Matching Disparate Data Rows - Excel? Access? - Fuzzy Logic?
Posted on 2006-04-21
I have been given two spreadsheets -- customer lists for two companies. My task is to come up with a list of customers that match.
1. One might say "ACME, Inc." and the other might say "acme incorporated"
2. I have the same "upper/lower/punctuation/abbreviation" issues for the address as well like:
ACME, Inc. - 123 Privat Drive
Acme - SE 123 Privat Dr.
ACME Incorporated - 17 Center St
Acme Inc - 17 CENTER STREET
ACME - P.O.Box 77
ACME - POB 77
ACME - PO box 77
ACME - p.o.

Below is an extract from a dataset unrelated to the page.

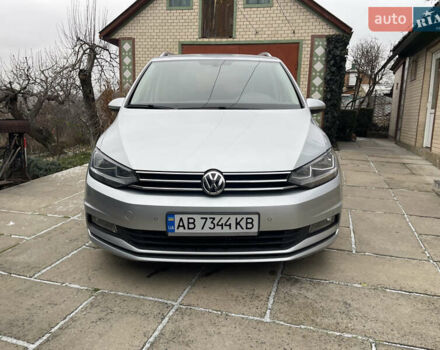 Серый Фольксваген Туран, объемом двигателя 1.6 л и пробегом 218 тыс. км за 14599 $, фото 1 на Automoto.ua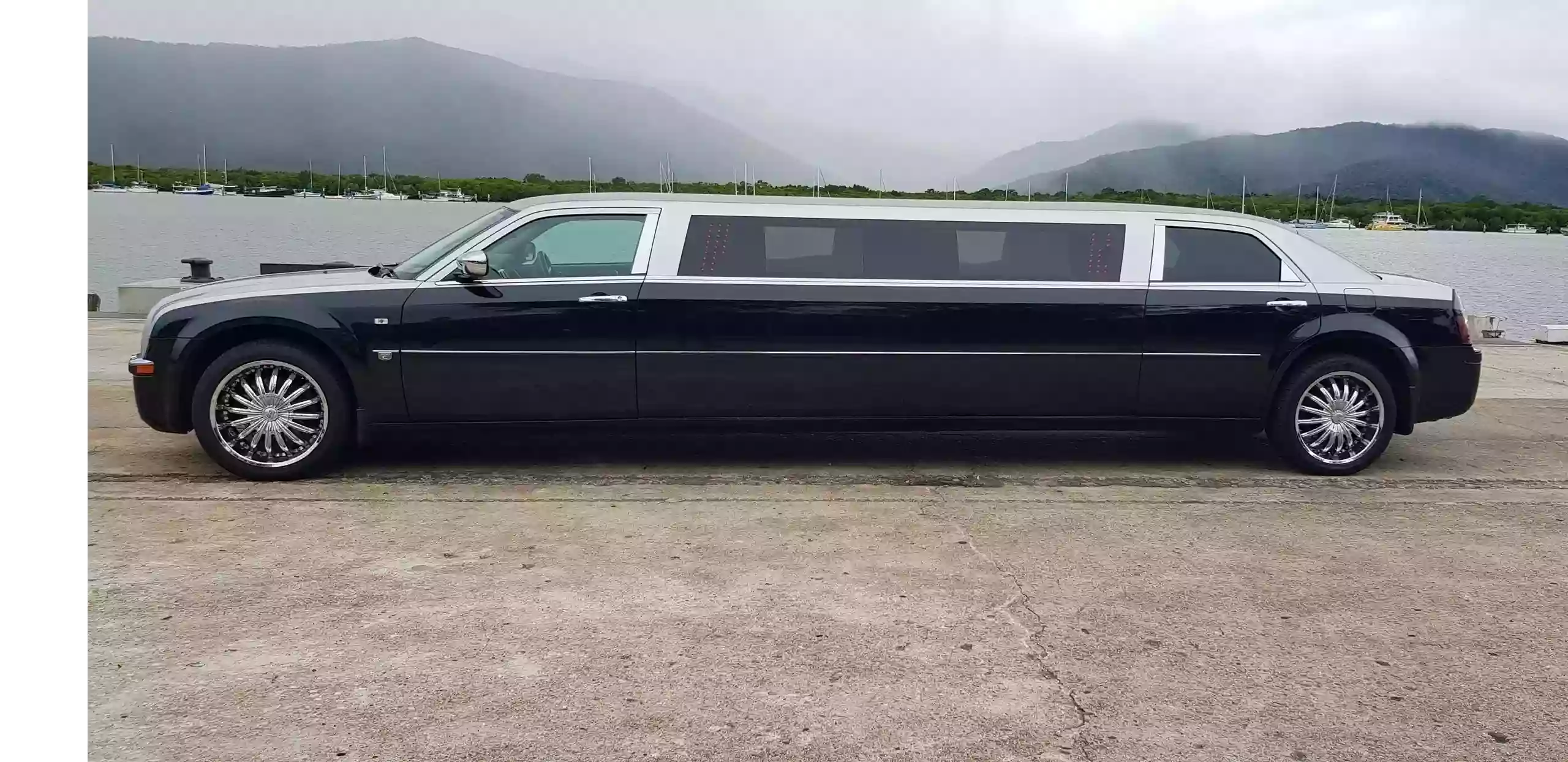 Cairns Transport Luxury Limousines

Box 77
I tried using a vlookup, but I couldn't figure out how to use fuzzy logic, like with a LIKE operator.
So I imported the spreadsheets into Access, and ran a query that says:
SELECT * FROM sheet1 s1, sheet2 s2
WHERE s1.name LIKE s2.name
AND s1.addr LIKE s2.addr
And it came up with 16 records out of 60,000. I have GOT to figure out a fuzzier way to get better results.
WHERE instr(s2.addr, left(s1.addr,8)) > 0
But it matched all of the P.O. BOX numbers with each other, and the ATTN: ACCOUNTS PAYABLE with each other.
So I came to Experts Exchange to see if I can find anybody with ingenuity and creativity that might spark more than 16 records out of 60,000. In the mean time, I'll just keep trying things.